Ольга Берггольц - Дневные звёзды
— Ну? Ну, хорошо? — нетерпеливо спросила я Муську, закончив чтение.
— Ага, — ответила она басом и, помолчав, сурово спросила: — Лялька! А лобзанья и перси — это чего?
Я растерялась, но лишь на мгновение.
— Ну, дура… Ну, как ты не понимаешь? Это такие цветы, необыкновенные, подводные… чудеса морские… или такие, знаешь, большие золотые рыбки…
В тот день, идучи из-за Невской в город, я засмеялась и даже приостановились от радости, вспомнив русалку и Муськин вопрос… То был Лермонтов детства. Потом был Лермонтов недолгого отрочества и внезапной, ранней юности, когда стихи его властно и просто сливались с жаждой подвига во имя Революции, питали бурное отрицание бога — Демон! — рождали первые мечты о будущей, обязательно необыкновенной и страшной любви — вновь Демон! — а решение стать настоящим, профессиональным революционером-поэтом уверенно опиралось на образ лермонтовского поэта-свободолюбца-кинжала-колокола. О, главное — колокола!

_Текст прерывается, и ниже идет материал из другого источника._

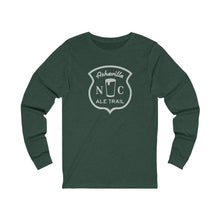 Load image into Gallery viewer, Asheville Ale Trail Unisex Long Sleeve - Silver Logo
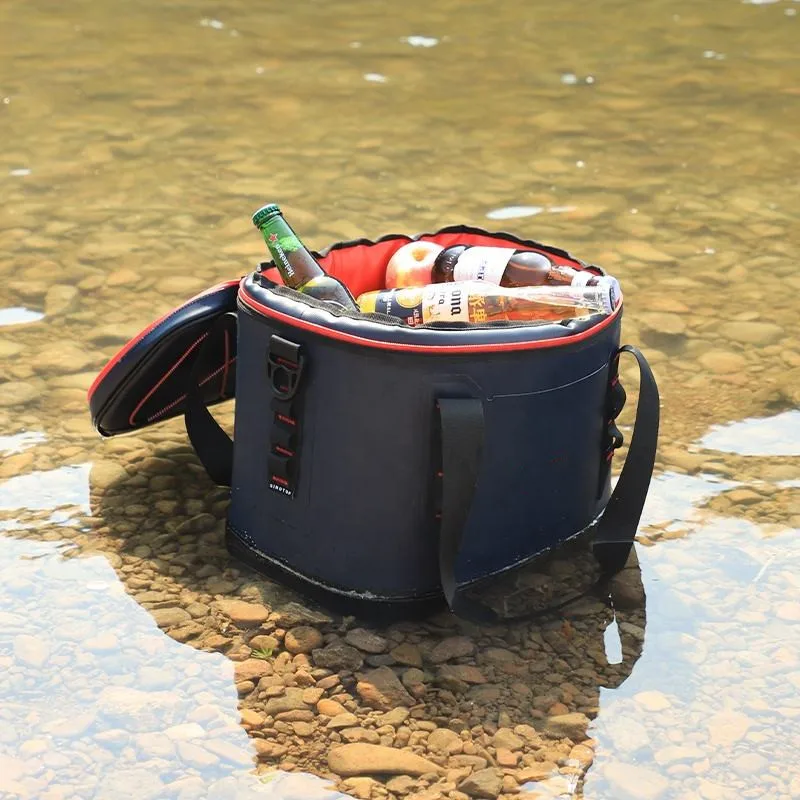 Custom 30L 840D TPU Cooler Dry Bag Waterproof Food Delivery Cold Thermal Soft Insulated Cooler Bags Soft Cooler Yetii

Несмотря на первое упоение безбожием, строки о «божьем духе» ничуть не смущали — чудился не бог, а ветер, буря, стихия.
Твой стих, как божий дух, носился над толпой.
И, отзвук мыслей благородных,
Звучал, как колокол на башне вечевой
Во дни торжеств и бед народных.
И стыдно было даже думать об этом, но все-таки и эти стихи, как стихи о парусе, утесе и дубовом листке, тоже были про меня — но про меня такую, какой я должна была стыть, вступая в Российский Ленинский Коммунистический Союз Молодежи…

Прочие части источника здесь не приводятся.